The long-awaited changes have been made to the fair deal nursing home scheme, with the bill passing all stages of the Dáil this week.

Minister of State for mental health and older people Mary Butler has been keen to ensure the changes come into force before the Dáil summer recess.

The recess is due to start on Friday 16 July.

What is the current situation?

The soon-to-be previous fair deal nursing home scheme sees farm families and small business owners required to put aside 7.5% of the value of their land or asset annually to pay for the care of their loved ones in a nursing home.

This 7.5% contribution is currently not time-limited and the annual 7.5% charge based on the value of a farm for a farmer in full-time care means the family farm would be lost to the next generation after 14 years.

This is because it would drain the value of the farm to pay for the care of a family member in a nursing home.

How will it change?

Legislative changes mean that the 7.5% will be capped at three years.

Where someone has been in care over this time, contributions will cease immediately.

Where someone is in the middle of an initial three-year period of care, they will have to pay the remaining years. There will be no financial reimbursement for payments made.

I am a farmer who has been in a nursing home for five years. What does this mean for me?

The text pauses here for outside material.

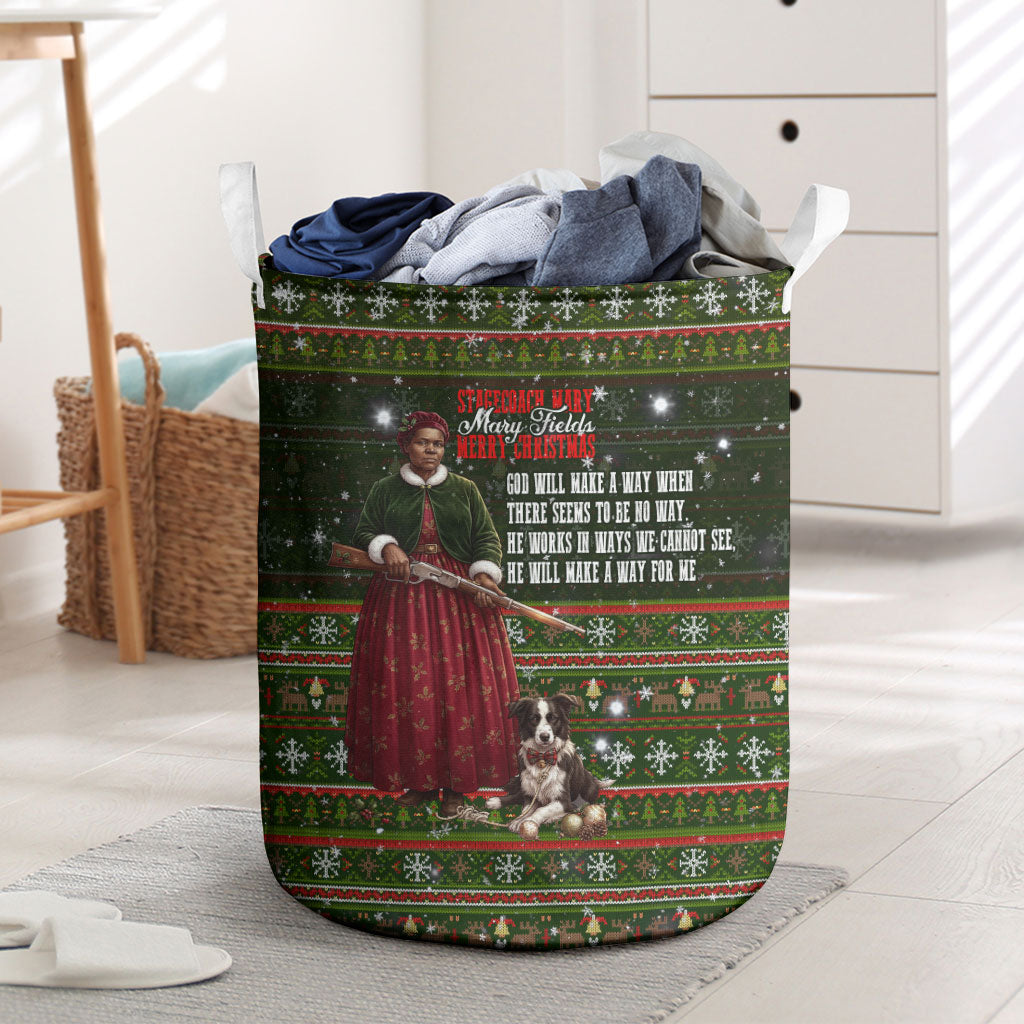 Stagecoach Mary Fields Christmas Laundry Basket Old West Pioneer Vintage Holiday Art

Once the legislation is passed and you have appointed an eligible farm successor, then you will no longer have to make the annual 7.5% financial contribution based on the value of your farm.

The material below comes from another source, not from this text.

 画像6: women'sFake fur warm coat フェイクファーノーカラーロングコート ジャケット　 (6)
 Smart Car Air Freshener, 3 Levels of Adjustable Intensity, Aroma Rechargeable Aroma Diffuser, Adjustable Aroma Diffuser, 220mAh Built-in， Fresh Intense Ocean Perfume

Similarly, if you are a farmer and have been in a nursing home for one or two years, you will only pay the 7.5% contribution on the remaining year(s) you are in the nursing home up to the three-year cap.

How do I appoint a family farm successor?

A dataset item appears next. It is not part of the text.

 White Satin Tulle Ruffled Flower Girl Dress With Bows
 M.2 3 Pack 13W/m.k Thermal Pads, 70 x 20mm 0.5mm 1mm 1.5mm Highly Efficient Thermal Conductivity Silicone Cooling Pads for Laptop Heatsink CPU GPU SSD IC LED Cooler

Minister Mary Butler has previously told the Irish Farmers Journal that: “The person in care will have to appoint a family successor who has consistently supplied a substantial part of their working day to the farm or small business for three years out of the previous five years.”

Details include:

  • The successor will have to make a statutory declaration in relation to their normal working time.
  • The successor does not have to have been paid for working on the farm as an employee to prove they were working there.
  • The successor does not have to have been working for three years straight on the farm, just three years across a five-year period.